### Data in this exercise
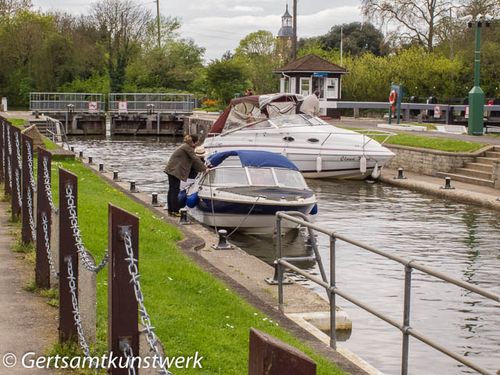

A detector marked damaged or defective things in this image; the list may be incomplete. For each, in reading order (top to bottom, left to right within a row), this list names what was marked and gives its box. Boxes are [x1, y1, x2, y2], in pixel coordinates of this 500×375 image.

rusty metal post [35, 148, 51, 290]
rusty metal post [58, 169, 78, 346]
rusty metal post [109, 206, 140, 375]
rusty metal post [249, 330, 316, 374]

### Task to complete
Once the pictures are removed, output the remaining material exactly.

### Solution
A detector marked damaged or defective things in this image; the list may be incomplete. For each, in reading order (top to bottom, left to right within a row), this list names what was marked and gives its box. Boxes are [x1, y1, x2, y2], in pixel coordinates of this 500×375 image.

rusty metal post [35, 148, 51, 290]
rusty metal post [58, 169, 78, 346]
rusty metal post [109, 206, 140, 375]
rusty metal post [249, 330, 316, 374]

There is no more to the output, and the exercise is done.